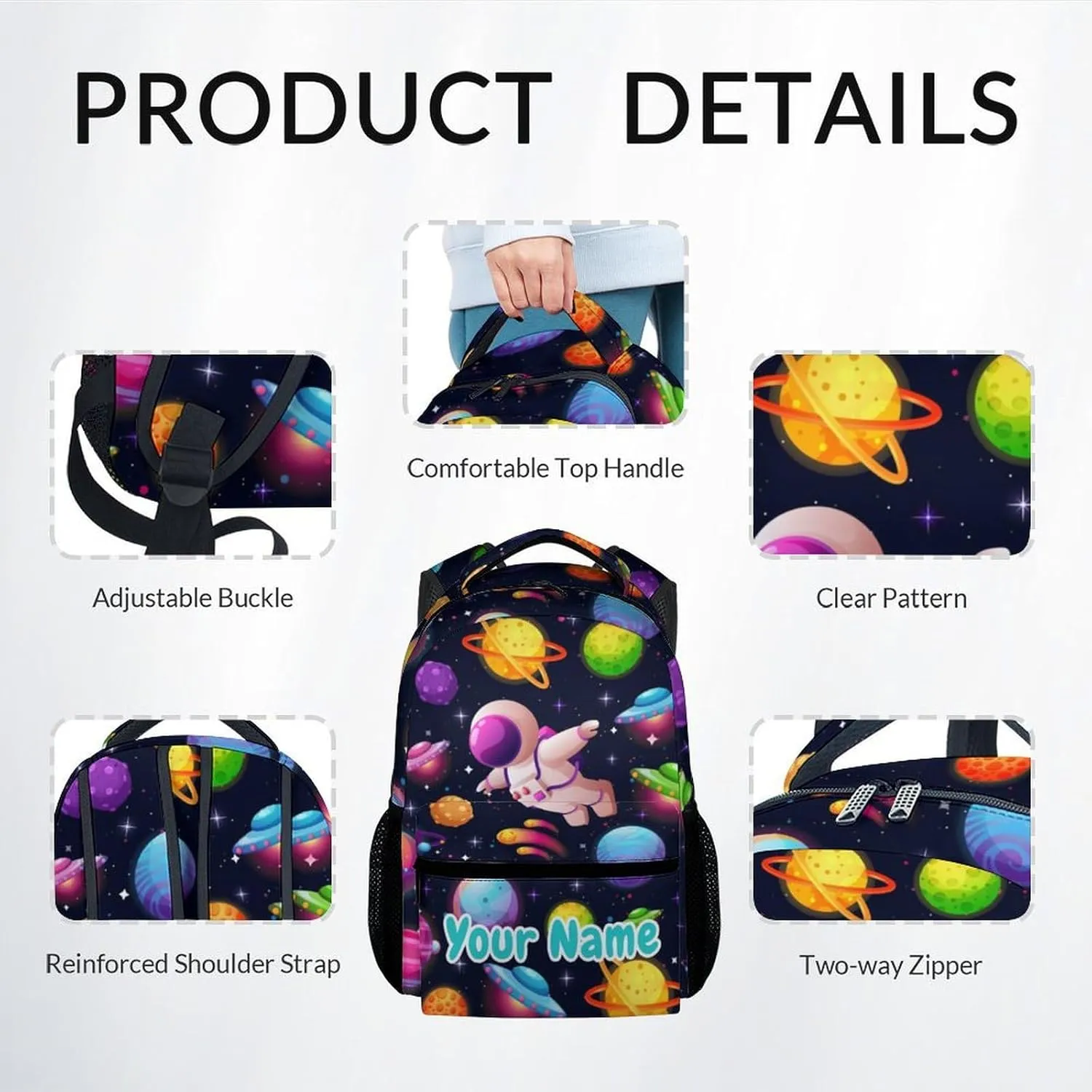 Personalized Boys Backpack with Lunch Box Combo, Planet Backpack Kids Bookbag for Primary Elementary School, Cute, Colorful, Adjustable Straps, Durable School Bag with Pencil Cases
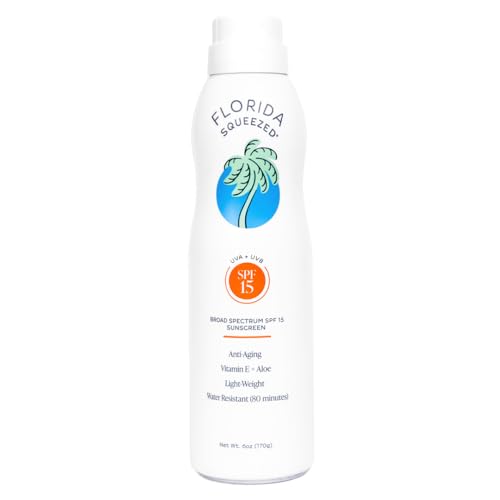Florida Squeezed SPF 15 Sunscreen Water Resistant Spray|6oz|Vegan and Hawaii 104 Reef Act Compliant (Octinoxate & Oxybenzone Free) Broad Spectrum Moisturizing Sunscreen. Paraben & Phthalate Free.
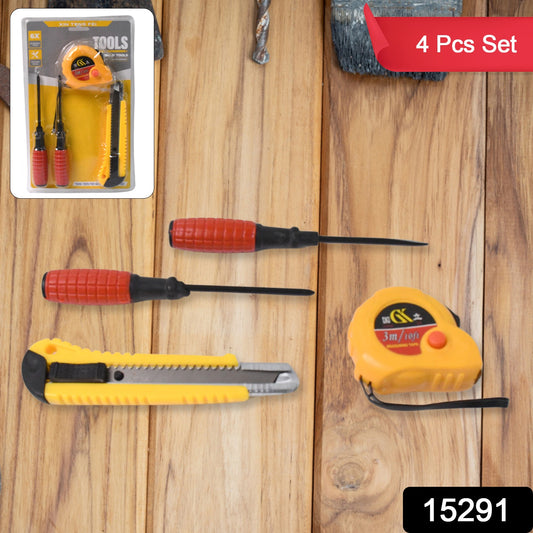 Wukusy 4-in-1 hand tool kit for home maintenance and repairs, including various screwdrivers, pliers, and wrenches in a compact set.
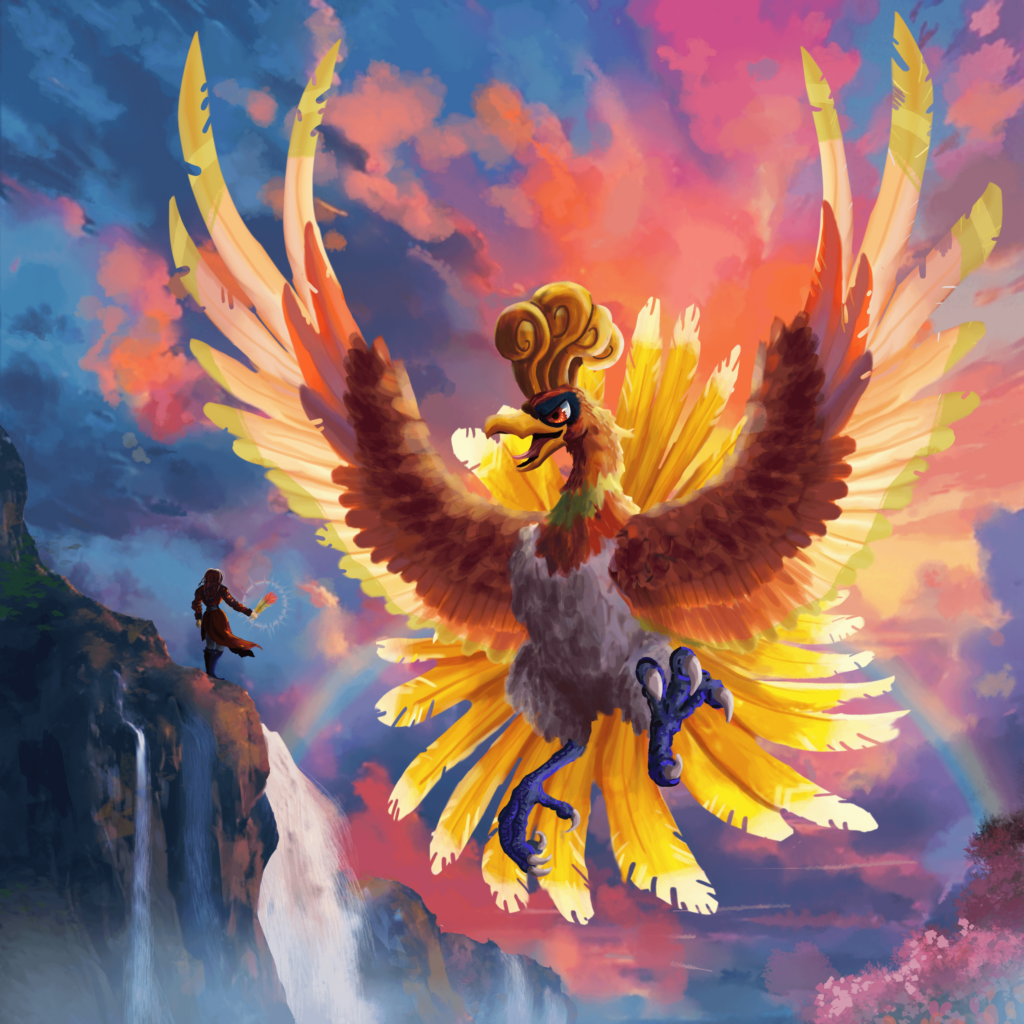 "Ho-oh at the Rainbow Ridge" art done by me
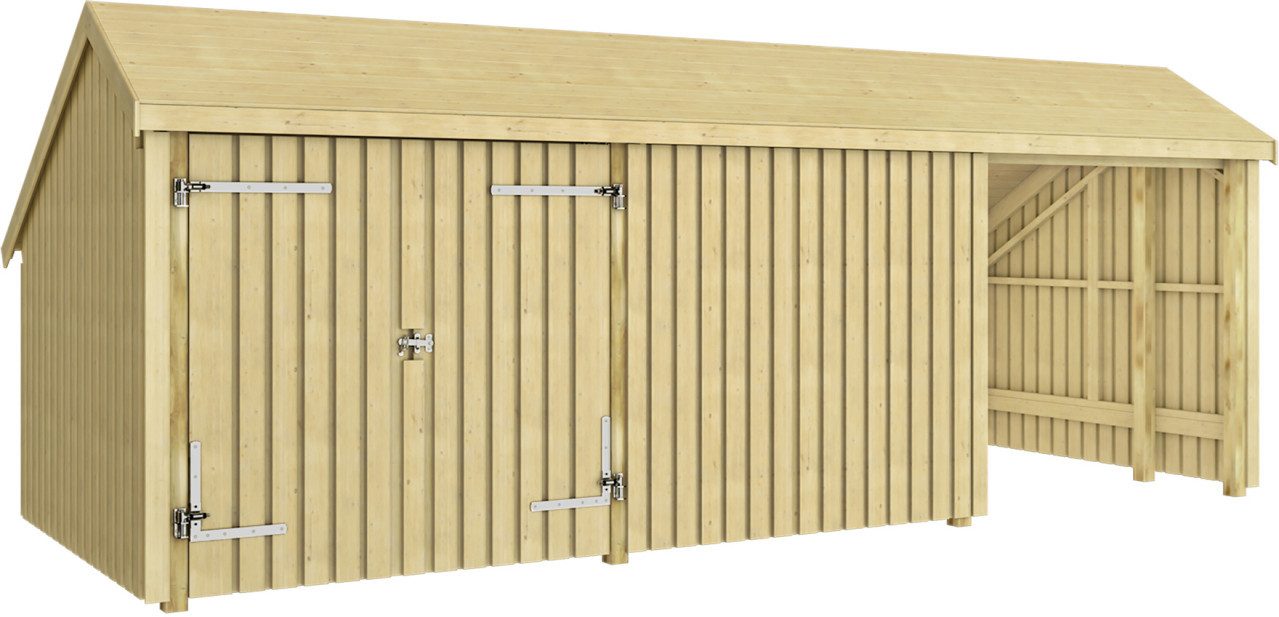 PLUS Gartenhaus Plus Gartenhaus Multi 3 Module 645 x 455 cm natur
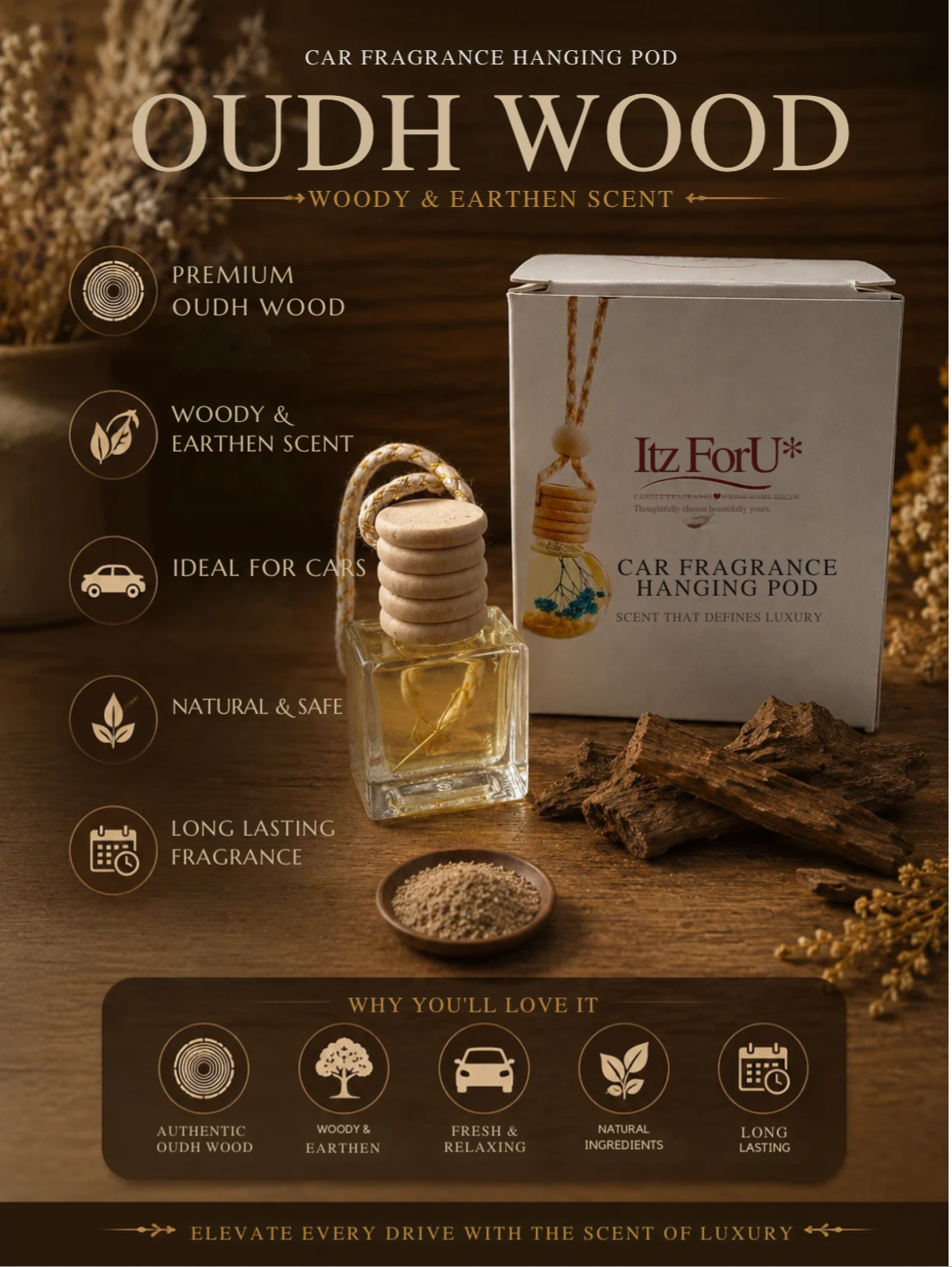 Oudh Wood | Luxury Car Fragrance Hanging pod with Natural Oils | Premium Car Accessory (10 ml)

******

[REQUIREMENT] Your copy should consist solely of the lines from the line containing "art done by me" through the last line of the records above, reproduced exactly, with the pictures left out.

[ANSWER SPACE]
 "Ho-oh at the Rainbow Ridge" art done by me
 PLUS Gartenhaus Plus Gartenhaus Multi 3 Module 645 x 455 cm natur
 Oudh Wood | Luxury Car Fragrance Hanging pod with Natural Oils | Premium Car Accessory (10 ml)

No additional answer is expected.